Data for processing START
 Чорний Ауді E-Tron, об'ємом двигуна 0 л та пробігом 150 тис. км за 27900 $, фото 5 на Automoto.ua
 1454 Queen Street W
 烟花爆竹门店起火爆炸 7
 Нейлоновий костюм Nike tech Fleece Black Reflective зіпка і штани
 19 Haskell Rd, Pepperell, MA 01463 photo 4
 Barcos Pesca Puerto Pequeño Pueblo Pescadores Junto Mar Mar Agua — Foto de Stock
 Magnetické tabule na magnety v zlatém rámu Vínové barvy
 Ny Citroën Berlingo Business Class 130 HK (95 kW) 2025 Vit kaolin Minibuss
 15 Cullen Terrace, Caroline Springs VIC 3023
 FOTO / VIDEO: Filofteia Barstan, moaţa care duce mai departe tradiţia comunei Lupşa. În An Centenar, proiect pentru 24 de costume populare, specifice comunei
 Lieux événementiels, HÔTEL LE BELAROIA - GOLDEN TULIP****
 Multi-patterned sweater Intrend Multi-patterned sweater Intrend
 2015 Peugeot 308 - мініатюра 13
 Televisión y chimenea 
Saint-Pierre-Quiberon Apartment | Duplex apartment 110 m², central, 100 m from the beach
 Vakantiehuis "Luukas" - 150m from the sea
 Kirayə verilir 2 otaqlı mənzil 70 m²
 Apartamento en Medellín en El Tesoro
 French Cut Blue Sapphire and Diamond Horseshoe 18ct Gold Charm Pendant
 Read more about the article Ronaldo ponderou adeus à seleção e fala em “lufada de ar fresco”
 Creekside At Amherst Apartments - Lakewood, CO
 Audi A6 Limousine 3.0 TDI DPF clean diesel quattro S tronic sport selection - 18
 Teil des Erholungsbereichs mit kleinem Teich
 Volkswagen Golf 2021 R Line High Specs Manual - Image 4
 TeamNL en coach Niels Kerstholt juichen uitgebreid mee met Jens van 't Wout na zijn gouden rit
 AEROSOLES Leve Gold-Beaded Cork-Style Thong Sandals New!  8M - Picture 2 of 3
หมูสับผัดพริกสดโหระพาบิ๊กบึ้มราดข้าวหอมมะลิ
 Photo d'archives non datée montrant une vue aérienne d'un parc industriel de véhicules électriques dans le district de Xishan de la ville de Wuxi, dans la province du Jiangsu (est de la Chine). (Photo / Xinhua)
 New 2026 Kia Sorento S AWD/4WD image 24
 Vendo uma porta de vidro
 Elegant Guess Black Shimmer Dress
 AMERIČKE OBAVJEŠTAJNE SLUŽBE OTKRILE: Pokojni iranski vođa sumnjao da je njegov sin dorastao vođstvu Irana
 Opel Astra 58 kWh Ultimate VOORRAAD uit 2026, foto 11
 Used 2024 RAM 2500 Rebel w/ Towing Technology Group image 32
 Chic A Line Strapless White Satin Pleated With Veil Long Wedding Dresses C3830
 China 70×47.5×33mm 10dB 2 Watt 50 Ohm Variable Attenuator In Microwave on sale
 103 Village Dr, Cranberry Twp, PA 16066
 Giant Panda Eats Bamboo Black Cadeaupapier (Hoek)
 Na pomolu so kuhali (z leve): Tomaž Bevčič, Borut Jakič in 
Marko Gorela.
Data for processing END
Transcribe the material above in full, keeping each word unchanged.

 Чорний Ауді E-Tron, об'ємом двигуна 0 л та пробігом 150 тис. км за 27900 $, фото 5 на Automoto.ua
 1454 Queen Street W
 烟花爆竹门店起火爆炸 7
 Нейлоновий костюм Nike tech Fleece Black Reflective зіпка і штани
 19 Haskell Rd, Pepperell, MA 01463 photo 4
 Barcos Pesca Puerto Pequeño Pueblo Pescadores Junto Mar Mar Agua — Foto de Stock
 Magnetické tabule na magnety v zlatém rámu Vínové barvy
 Ny Citroën Berlingo Business Class 130 HK (95 kW) 2025 Vit kaolin Minibuss
 15 Cullen Terrace, Caroline Springs VIC 3023
 FOTO / VIDEO: Filofteia Barstan, moaţa care duce mai departe tradiţia comunei Lupşa. În An Centenar, proiect pentru 24 de costume populare, specifice comunei
 Lieux événementiels, HÔTEL LE BELAROIA - GOLDEN TULIP****
 Multi-patterned sweater Intrend Multi-patterned sweater Intrend
 2015 Peugeot 308 - мініатюра 13
 Televisión y chimenea 
Saint-Pierre-Quiberon Apartment | Duplex apartment 110 m², central, 100 m from the beach
 Vakantiehuis "Luukas" - 150m from the sea
 Kirayə verilir 2 otaqlı mənzil 70 m²
 Apartamento en Medellín en El Tesoro
 French Cut Blue Sapphire and Diamond Horseshoe 18ct Gold Charm Pendant
 Read more about the article Ronaldo ponderou adeus à seleção e fala em “lufada de ar fresco”
 Creekside At Amherst Apartments - Lakewood, CO
 Audi A6 Limousine 3.0 TDI DPF clean diesel quattro S tronic sport selection - 18
 Teil des Erholungsbereichs mit kleinem Teich
 Volkswagen Golf 2021 R Line High Specs Manual - Image 4
 TeamNL en coach Niels Kerstholt juichen uitgebreid mee met Jens van 't Wout na zijn gouden rit
 AEROSOLES Leve Gold-Beaded Cork-Style Thong Sandals New!  8M - Picture 2 of 3
หมูสับผัดพริกสดโหระพาบิ๊กบึ้มราดข้าวหอมมะลิ
 Photo d'archives non datée montrant une vue aérienne d'un parc industriel de véhicules électriques dans le district de Xishan de la ville de Wuxi, dans la province du Jiangsu (est de la Chine). (Photo / Xinhua)
 New 2026 Kia Sorento S AWD/4WD image 24
 Vendo uma porta de vidro
 Elegant Guess Black Shimmer Dress
 AMERIČKE OBAVJEŠTAJNE SLUŽBE OTKRILE: Pokojni iranski vođa sumnjao da je njegov sin dorastao vođstvu Irana
 Opel Astra 58 kWh Ultimate VOORRAAD uit 2026, foto 11
 Used 2024 RAM 2500 Rebel w/ Towing Technology Group image 32
 Chic A Line Strapless White Satin Pleated With Veil Long Wedding Dresses C3830
 China 70×47.5×33mm 10dB 2 Watt 50 Ohm Variable Attenuator In Microwave on sale
 103 Village Dr, Cranberry Twp, PA 16066
 Giant Panda Eats Bamboo Black Cadeaupapier (Hoek)
 Na pomolu so kuhali (z leve): Tomaž Bevčič, Borut Jakič in 
Marko Gorela.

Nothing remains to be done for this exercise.